Would you feel any differently if he started socially smoking marijuana a few times a year? (Provided it was legal in your state)
As far as the museum example goes, if he was as terrified and concerned about me going there as the OP is of her husband drinking, then I'd try to determine where this fear was coming from. Maybe something terrible happened to him in a museum and he has some minor PTSD about it and doesn't want me coming to harm there, even if the idea is irrational to me and practically everyone else. That's why we would need to talk about it, discuss it, perhaps even attend counseling if we need to in order to work it out.
Now we would also need to question if this were something that happened about practically everything or if this fear of museums was a very rare request during a long-term marriage and no other requests have ever been turned down. Maybe not going to a museum is a small sacrifice that one could do for the marriage in this particular case, even if it's otherwise ridiculous or unreasonable.
Whatever decision we make about it though needs to be made as a couple. It could just come down to him being angry at an employee there because he got kicked out of the museum and vowed that he would never go there again and doesn't want that decision undermined by his family going there as well. And now it turns out that the employee got fired for a similar altercation with someone else and the museum is fair game again, so now we've decided we can go and everyone's happy.
Okay, so a few things about me. I am a former Muslim. I lived under laws and rules that were oppressive. Everything I was allowed to do was at my ex-husbands pleasure which could always be revoked depending upon mood.
I went against everyone and everything I knew and made my stand on what I decided was right in my own heart, not only where concerned my marriage, but where concerned my position on Islam and extremism and later in life a stand where concerned my religion.
So, I've bucked every tradition and got a price put on my own head to do it, lost family, freinds, community, all for what I believed was right.

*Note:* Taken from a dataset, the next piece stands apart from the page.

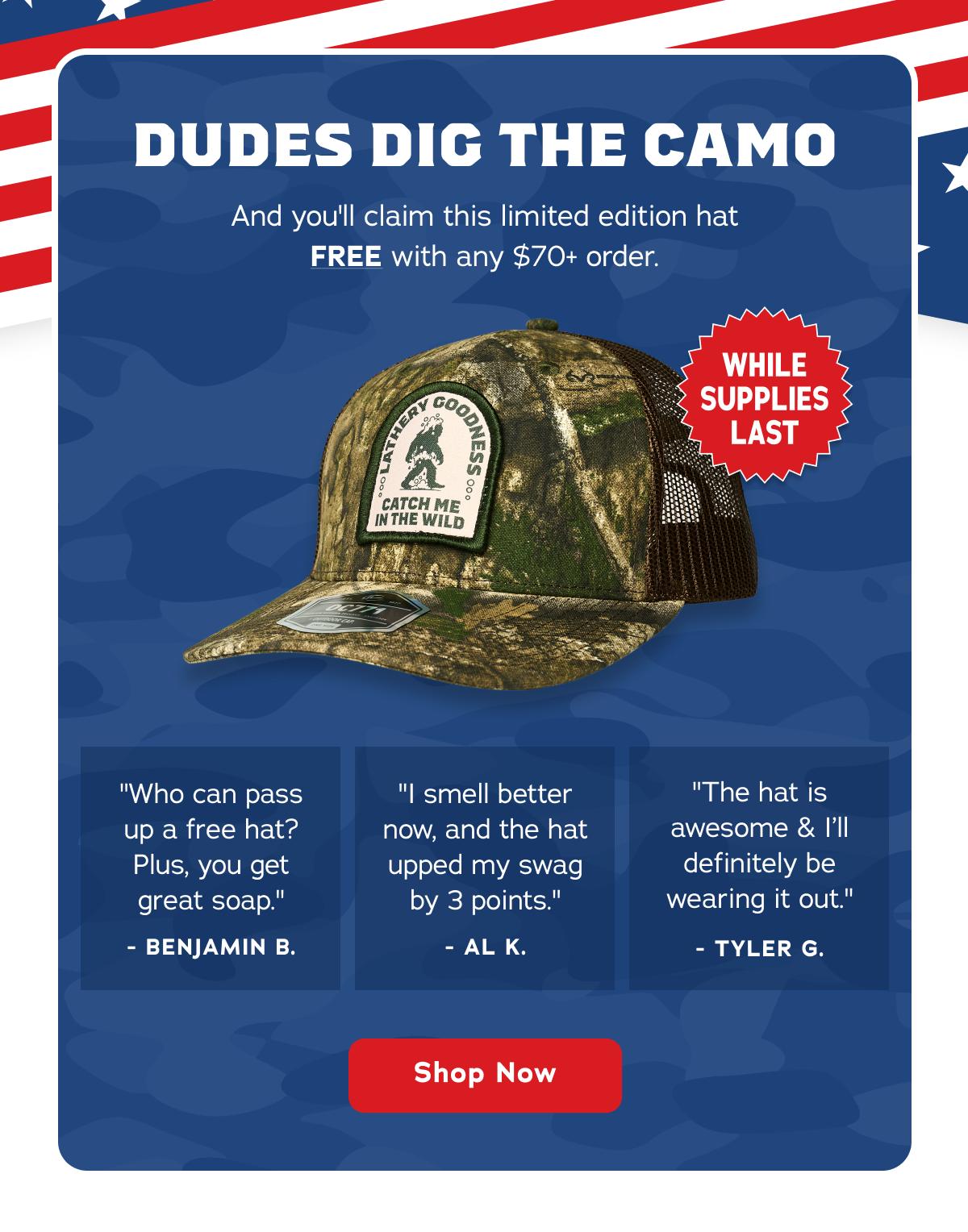 Dudes Dig The Camo - Shop Now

Not fun, I've been fighting for what feels like a lifetime or two.
So.. that is my background.
As a result, I would tell my husband my opinion (I am now married to an exceptional Christian man) and then leave him to his own decision whether or not he wanted to do something that was legal..
I'm not in the business of taking away his freedom of choice. When you have to fight for freedom, you see how precious it is for all of us, and seek to protect it for others.
He seeks to protect my freedom, how could I not seek to protect his?
I do think this women needs a bit of counselling... she obviously has worse issues with alcohol than I did with alcohol and pork so your correct they are issues to be resolved and perhaps counselling is a great place to figure it all out.
However, I'm unsure why he needs to be brought into it or make him as responsible for her resolving this issue as she is. He should support her effort to resolve the issue but I cant see trying to force him to change until she does or turn this into some kind of group decision.